Field of Battle 2nd Edition Cover Peek and Other Thoughts

Thought I'd post a preview of the cover of the new Piquet product, Field of Battle 2nd Edition.

Looks pretty cool!  Its always neat to see the final touches of years of work.  I should have copies very soon. 

The other thoughts in the post title are regarding campaigns - miniature game campaigns in particular.  I've done many through the years:  Theatre of War (FPW, ACW, WW2), node movement (FPW), mapless (ACW, FPW), etc.  They were all fun, for different reasons. 

I'm starting to wonder if the scale and intent of campaigns is what gives me fits when I'm setting up new ones.  Typically, meglomania sets in and the campaign covers a wide theatre of the conflict.  Why?  Because we can!  If you look at most historical campaigns, they tended to be between two forces that were pretty much aware of each other's size, composition, and relative location.  "Gotcha" moves, so loved by gamers, were pretty rare on the strategic scale, and would be better represented in the final move to game table or scenario set up.

Boardgames represent a perfect example of excellent campaign systems.  They model campaigns in a fixed amount of tabletop space, and a very short amount of game time.  Miniature campaigns are handcuffed by the need for each game played out to be done on a tabletop, which requires a gathering of the group.  Theatre of War effectively gets through this problem by making most campaigns 3 games or so.

In my experience, after 3 games, gamers start to lose interest in a) the campaign, and b) the period for repeated games.

So - I'm thinking of trying a system using FoB2 (which has a scenario generation system) to create games, and link the games into a campaign of 3 games or so.  The campaign would have "Campaign Points", generated in the same manner as for typical tabletop games.  For a campaign, each side would roll 3 times on the Army Morale table, and the total would be their total for the 3 game campaign.  Each side would deduct their AMP losses in each game.  First side to 0 loses.  Simple!

I'm also tinkering with allowing players to select from pre-generated tabletop terrain sets.  This would introduce a bit more of a campaign feel, and give players input into the game layout.

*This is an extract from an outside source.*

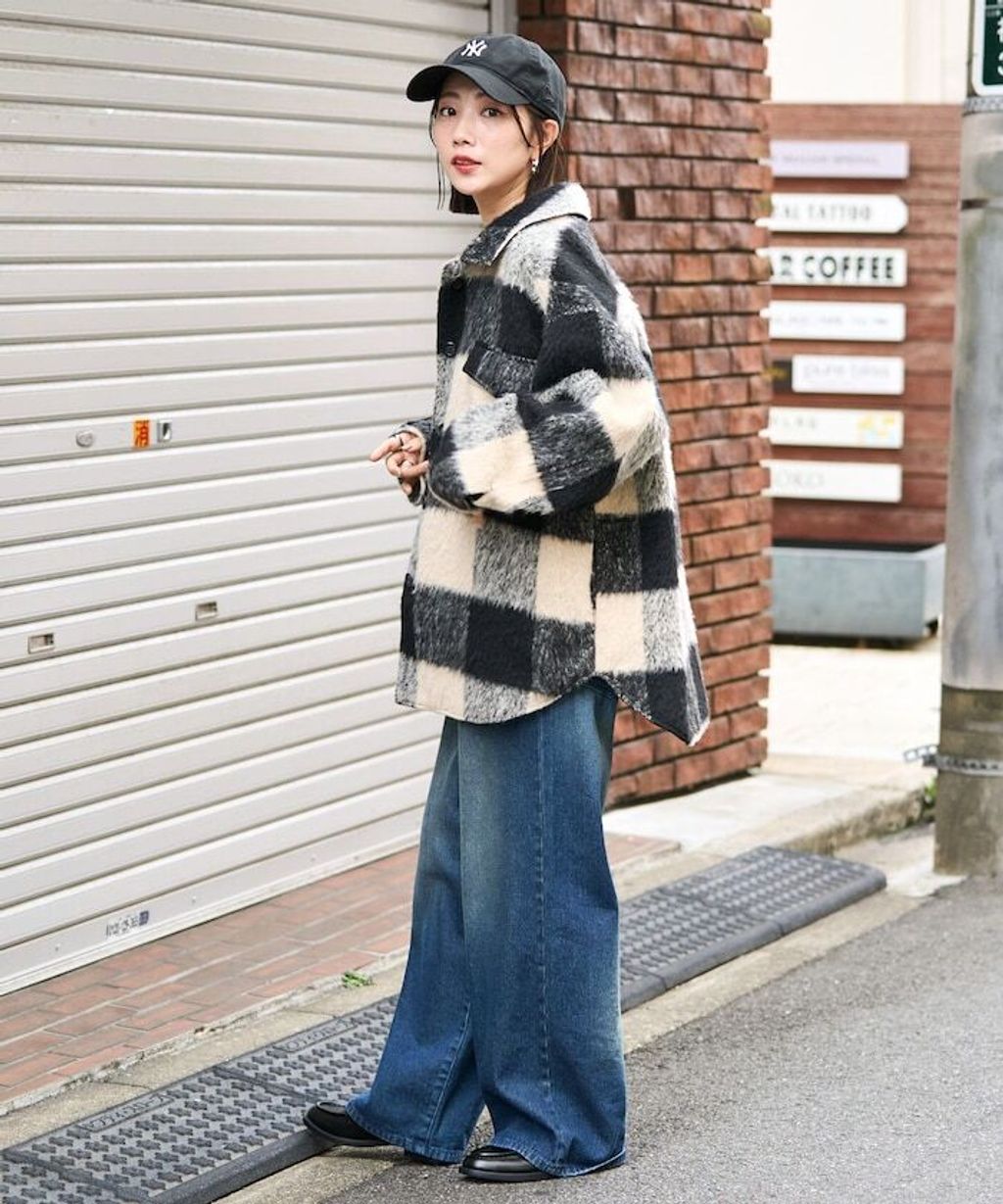 FREAKS STORE 格紋長絨Oversized襯衫外套_6
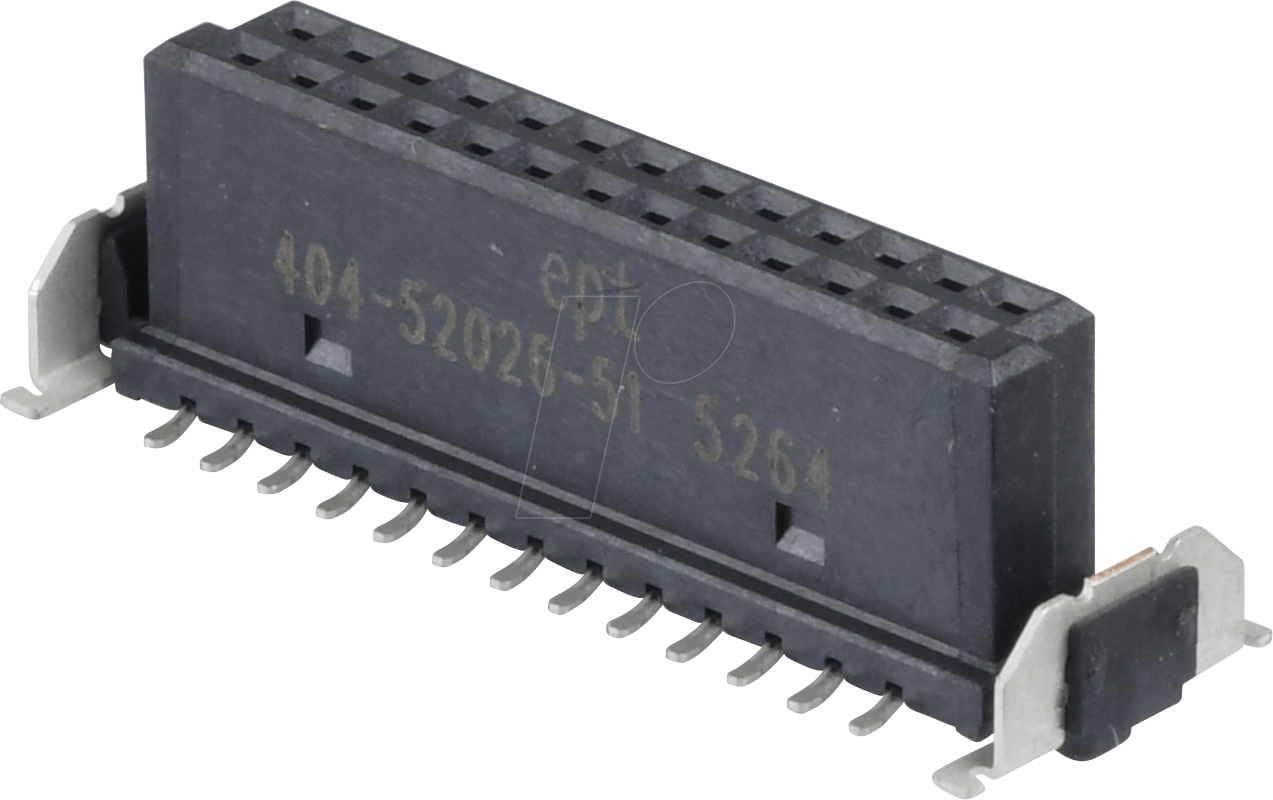 ONE27 F26G 6,25 - One27 Federleiste gerade H=6,25, 26-pol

Hmmm.  More thinking to do.

Thursday, August 4, 2011

ACW Game

We played an ACW game last Saturday; ACW was chosen since Terry Shockey couldn't make the game.  Terry, Greg Rold, and Ed Meyers were instead participating in a DBA tourney down in Colorado Springs.   DBA?   I think I'll give them random Down 1 modifiers in our next FoB game.

I won't go through a detailed report of the game, just some highlights.  The game looked firmly in control of the Confederates, as they used aggressive movements (ie lots of Move cards before the Federals got any!) to focus on the Confederate center.  The Federals managed to change the game focus to their left flank with some timely move opportunities and ended up mangling the Confederate right flank.  At this point, after a back and forth contest, the Federals hit 0 army morale points.  Unknown to them, the Confederates only had 3 points at that time!  The Confederates launched a counterattack on their right, and severly battered the flanking Federal assault.  The game ended with the Confederates at 16 morale points, the Federals at 0.  A crushing victory for the Confederate cause!  (guess its a good thing that Terry wasn't at the game...)

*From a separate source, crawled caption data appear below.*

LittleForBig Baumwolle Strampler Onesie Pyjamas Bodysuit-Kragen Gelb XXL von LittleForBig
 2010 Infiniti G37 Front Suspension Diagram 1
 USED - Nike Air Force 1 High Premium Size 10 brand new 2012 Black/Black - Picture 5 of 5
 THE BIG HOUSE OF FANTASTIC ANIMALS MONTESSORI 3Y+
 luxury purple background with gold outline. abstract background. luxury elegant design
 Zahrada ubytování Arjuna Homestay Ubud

The Federal Command Team (left to right):  Eric, Bob Jones, Chris

Yes, that's right - THE Bob Jones.  It was great to have Bob at a game again.  The universe is in balance again.  He valiantly defended the Federal center with a single brigade and battery. 

Confederate command watches Chris' moves with interest:  Greg Cornell (center) and John Mumby (aka Mumbasa), right.

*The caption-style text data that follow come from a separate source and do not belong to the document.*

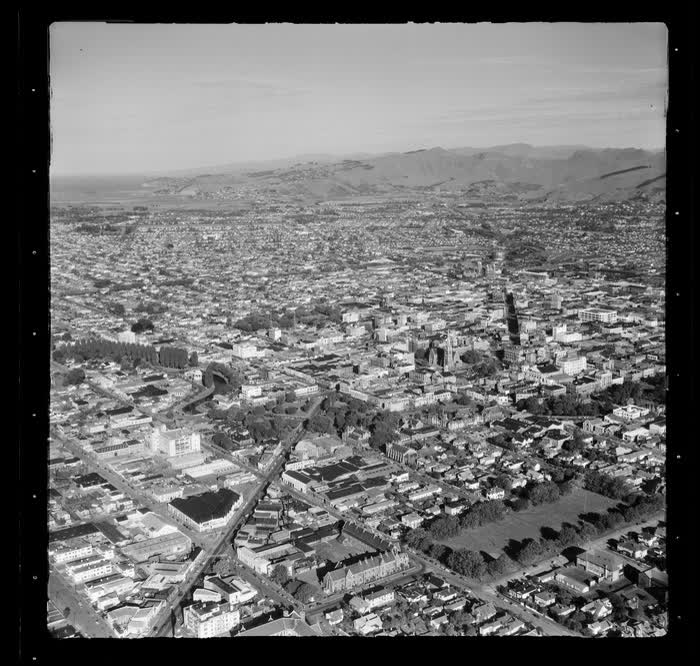 Christchurch, Canterbury Region, 1959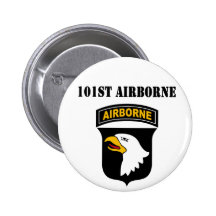101st Airborne Button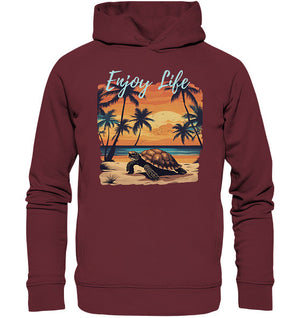Enjoy Life - Turtle Sunset - Organic Fashion Hoodie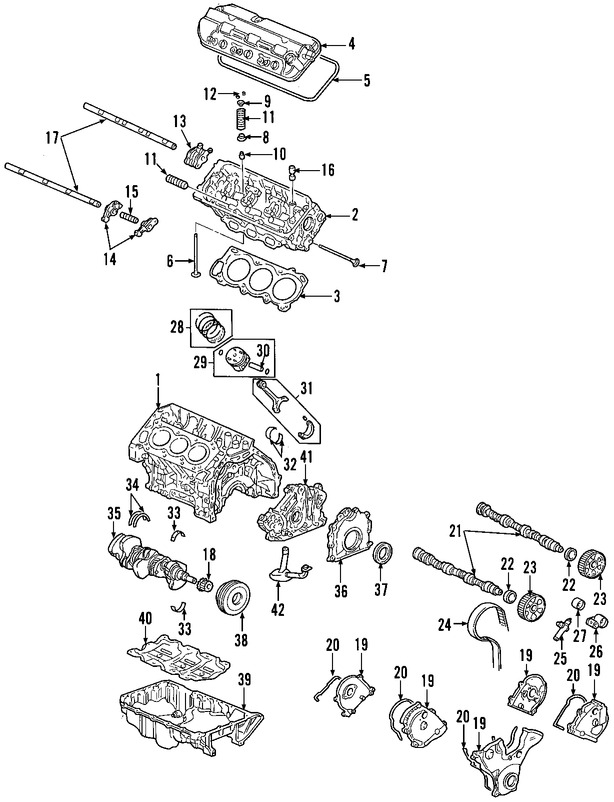 Foto de Vlvula de Admisin del motor Original para Acura Honda Marca HONDA Nmero de Parte 14711RYEA00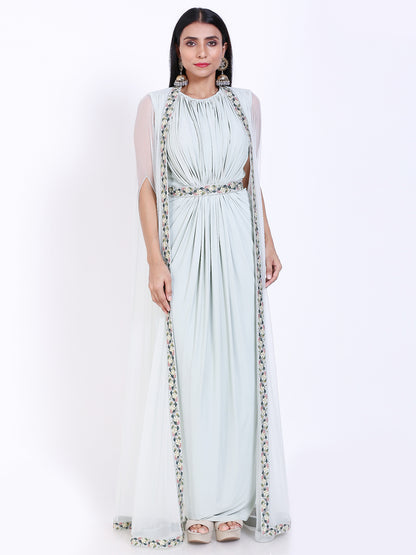 Embroidered gown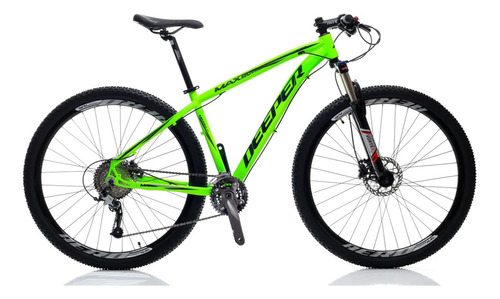 Bicicleta Ar 29 Deeper Maximus Verde 17  - 18v (2x9) Freio Hidráulico Óleo Mineral Suspensão Com Trava De Ombro Cubos K7 De Rolamento Blindado E K7 11/36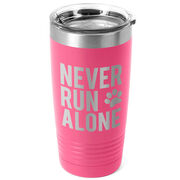 Running 20oz. Double Insulated Tumbler - Never Run Alone (Bold)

Overview of the battlefield at the start of the game.  The river was actually a meandering stream, a Class I obstacle (stop at the near bank, move full after that).  Confederates on the right.

Confederates approach through the woods.

Brave Federal lads brace for the assault.

Guess who's coming to dinner?

Zouaves - Redoubt figures.

Federal forces close on the Confederate right flank.